E VIVA A DEMOCRACIA! QUE DEMOCRACIA?

E VIVA A DEMOCRACIA! QUE DEMOCRACIA?

É uma manhã cinzenta sem sol. Domingo, dia 7 de outubro do ano 2018. Estou farto, com cérebro latejando e doendo muito, de ouvir mentiras, promessas e ameaças deslavadas de políticos, feitos candidatos desavergonhados. Rindo nas nossas caras em troca dos nossos votos. O mais triste e assustador é o fato de candidatos querendo tomar o poder da presidência do Brasil pelo voto para aplicar um autogolpe e implantar uma ditadura legitimada pelo voto popular. Essa esperteza maldosa só tem vez e valor por força das montanhas de ignorância viva. Assistimos o jogo de disputar a hegemonia consentida pelo voto popular, onde os candidatos, valendo-se de propaganda subliminar na mídia televisiva, eletrônica, visual… tudo fazem para ganhar os votos. Induzir e seduzir os eleitores por esses meios é crime, é imoral.

São exatamente 8 horas da manhã. Neste instante estão sendo ligadas e ativadas as urnas eletrônicas em todo vasto e devastado território do Brasil. É dada a largada para a corrida da democracia. É dado o início da votação. Começa a bendita democracia. Mulheres, homens, jovens, velhos, ricos, pobres, patrões, operários, alfabetizados e analfabetos, caminham pelas ruas, avenidas, praças, uns chegando de carro, outros de ônibus, andam calmos, calados e tristes, acabrunhados, abatidos e descrentes, como se estivessem com o rabo entre as pernas, dirigem-se em direção às respectivas zonas (eleitorais!) e seções à procura das urnas eletrônicas.

Já no local da votação, perfilados em longas filas, com o título eleitoral nas mãos e um papel dobrado, com os números escondidos dos candidatos, aos quais doarão o seu voto, digitando no teclado da urna eletrônica. Que chique! Aqui é permitida a cola no papel, não no celular. É para acertar e validar o voto. Embora, nem todos validarão o voto.

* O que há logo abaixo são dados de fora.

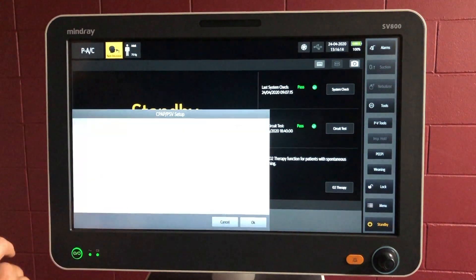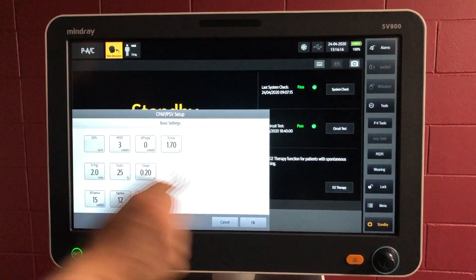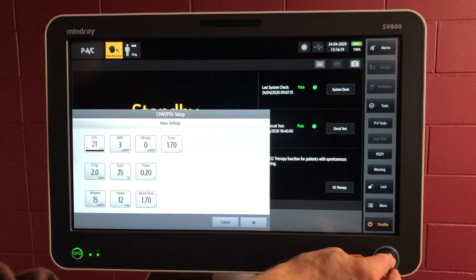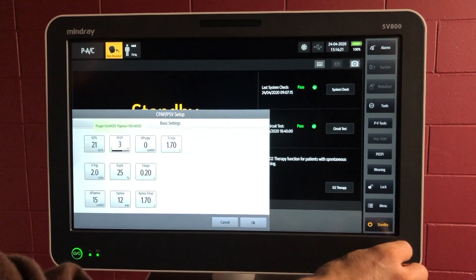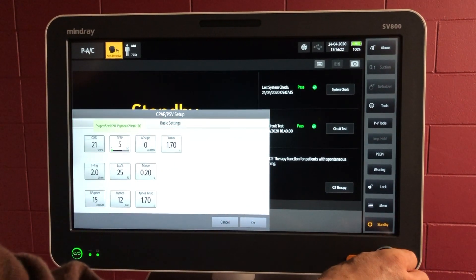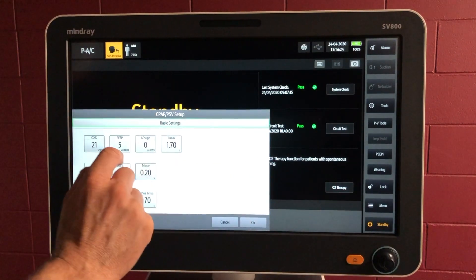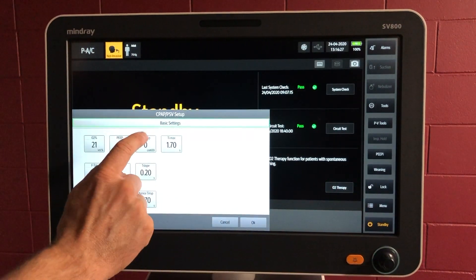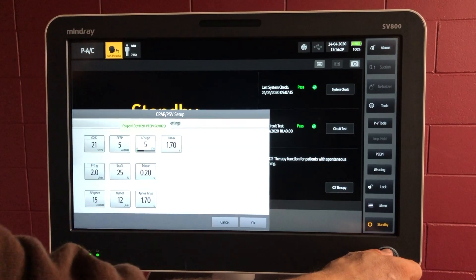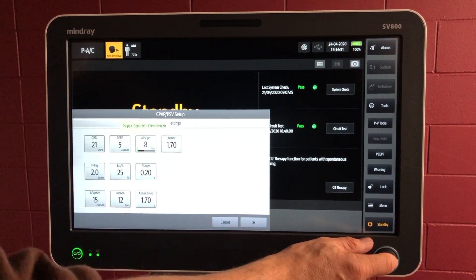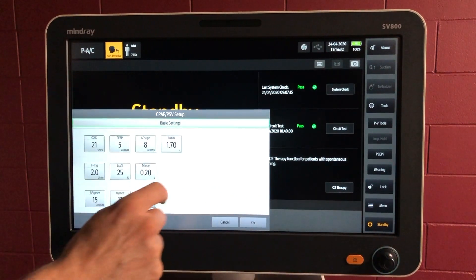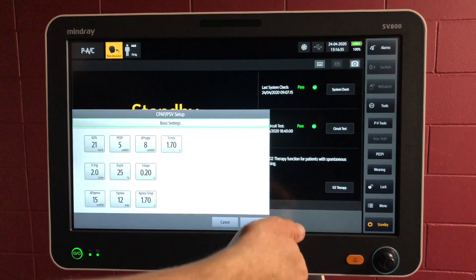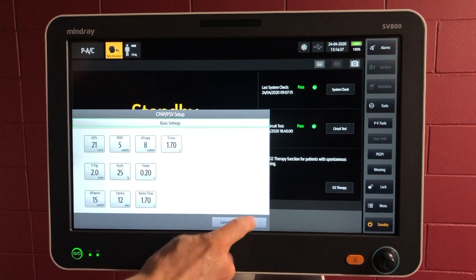Let's go to CPAP with pressure support, and 21% room air. So you select the parameter — let's go with PEEP of 5. Select, adjust, and then confirm. Pressure support of 8. All the other settings here can be selected, adjusted, and confirmed.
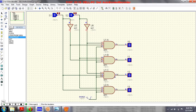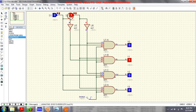Let's run the circuit and see what happens. For inputs zero and zero, the first line is activated. For zero one, the second line is activated. For one zero, the third line is activated. And for one one, the fourth line is activated.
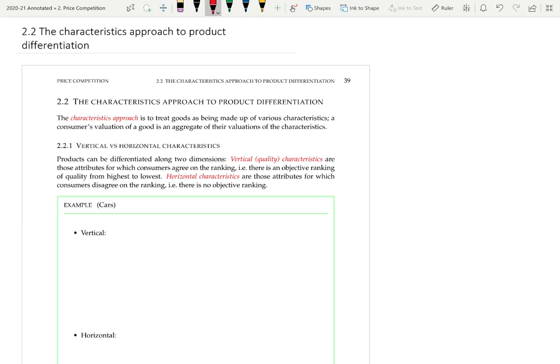This video will introduce the characteristics approach to product differentiation. The characteristics approach treats goods as being made up of various characteristics, and a consumer's valuation for a good is an aggregate of the valuations of those characteristics.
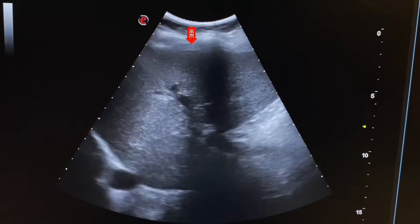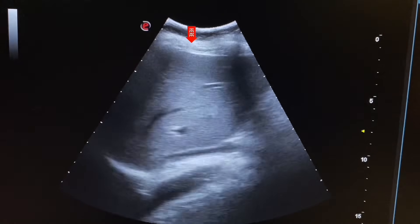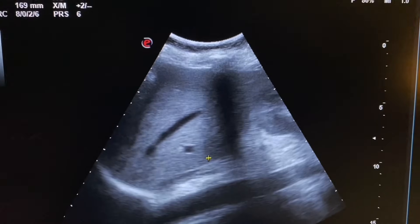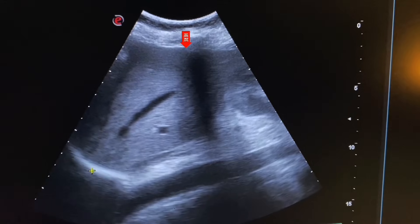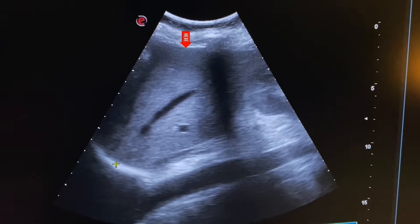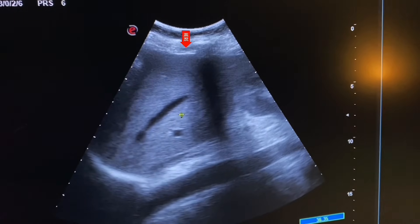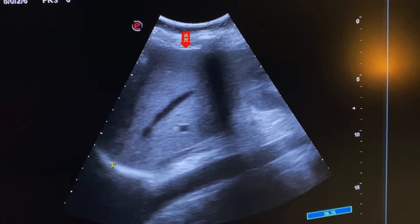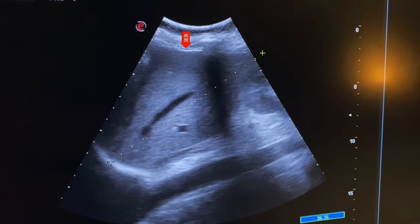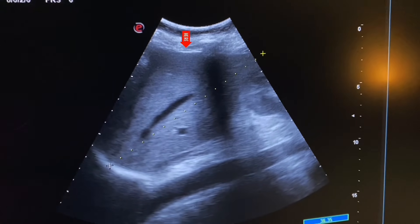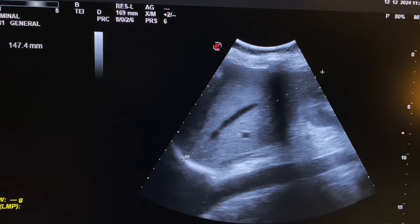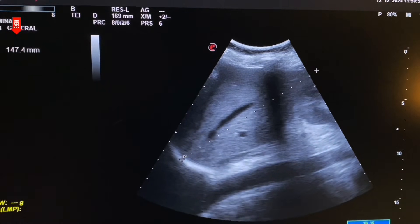Now at the lumbar area, placing the probe we see the craniocaudal view of the liver. We will now measure the size of the liver. A craniocaudal measurement is needed for liver sizing. The craniocaudal view is obtained by placing the probe at the right lumbar area with the probe direction towards the epigastrium. The size of the liver is 147 millimeters, or 14.7 centimeters.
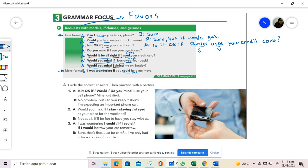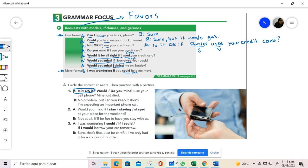Let's have this example where it is circle the correct answer, then practice with a partner. Is it okay if, would you, or do you mind I use your cell phone? The first one is the best to use here. Is it okay if I use your cell phone? My phone just died. No problem, but can you keep it short? I'm expecting an important phone call. And you have to analyze the elements you have, you have to select the best option for asking for a favor.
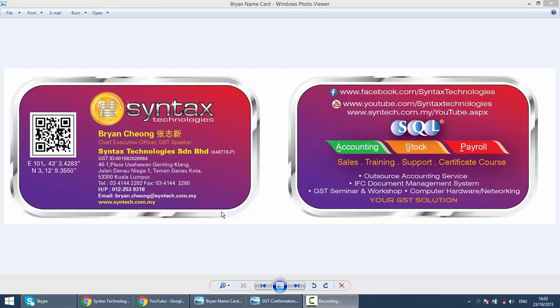Hi, I'm Brian from Syntax Technologies. You can contact me with this information. In today's lesson, we will learn how to start your GST module.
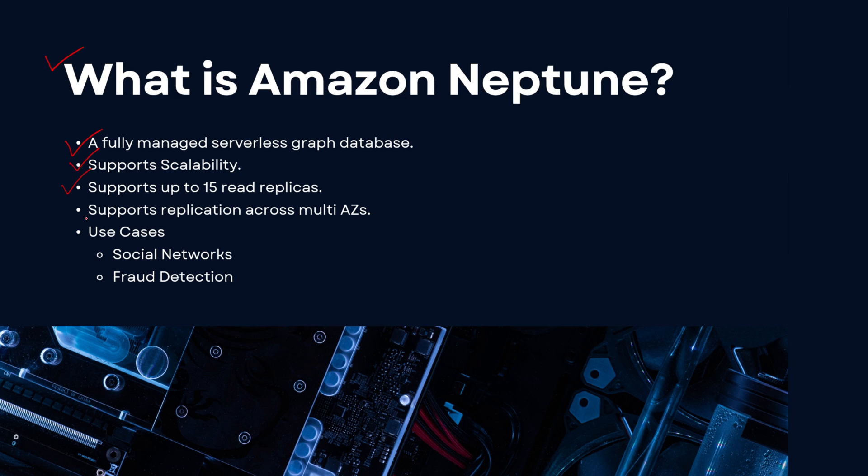replicas - so up to 15 read replicas is supported by Amazon Neptune. It also supports replication across multiple availability zones, which in return provides you high availability. And some use cases where we normally use graph databases are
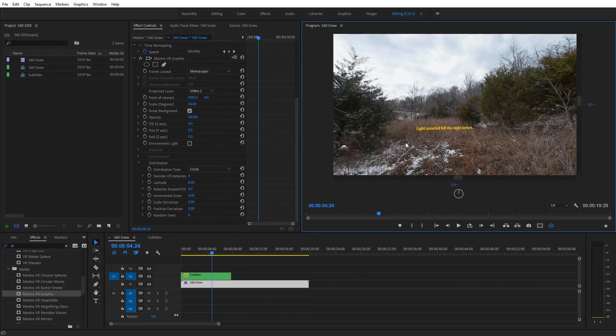Alright guys, hopefully you picked up a few tips from this tutorial on how to add subtitles to your 360 footage, whether it's with the native effects or using the MantraVR Graphics effect from Metal. I'll have a link for that in the description of this video. This has been Charles Yeager for YeagerFilm — thanks for watching.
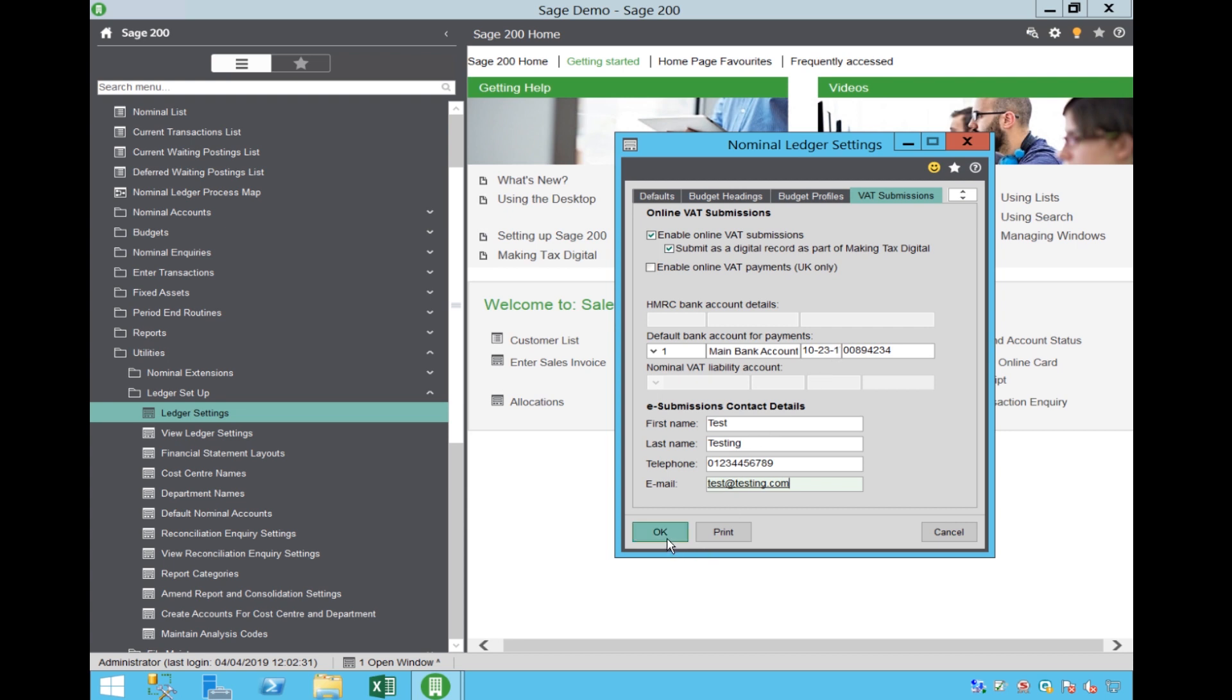Please note, these details can be changed later, however, once you have ticked and saved the Online VAT Submissions,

O que é ruim para a democracia

Há um conforto, um alento para os pobres: o voto é igual para todos. A igualdade aqui é real. Não é só teórica constitucional, como é para as demais situações por força das classes sociais. O voto de todo mundo vale 1. Não tem voto que vale mais, nem voto que vale menos. Voto livre, secreto e sigiloso.

O silêncio é assustador nos corredores, nas salas de votação, nos portões, nas ruas… Poucos se cumprimentam, quase ninguém fala. Aí é de se perguntar: o dia de eleições não deveria ser um dia festivo, de alegria, de muita conversa, de troca de sugestões, em diálogo livre, de nomes, de candidatos, de partidos políticos, de propostas de governo…?  Não seria o dia alegre de celebração da democracia? Apesar da crise política, social, econômica, ecológica… sem limites e sem soluções que vivemos? Enfim, não seria o dia e momento para discutir a democracia que temos e a democracia que queremos, com elevada intensidade e consciência política?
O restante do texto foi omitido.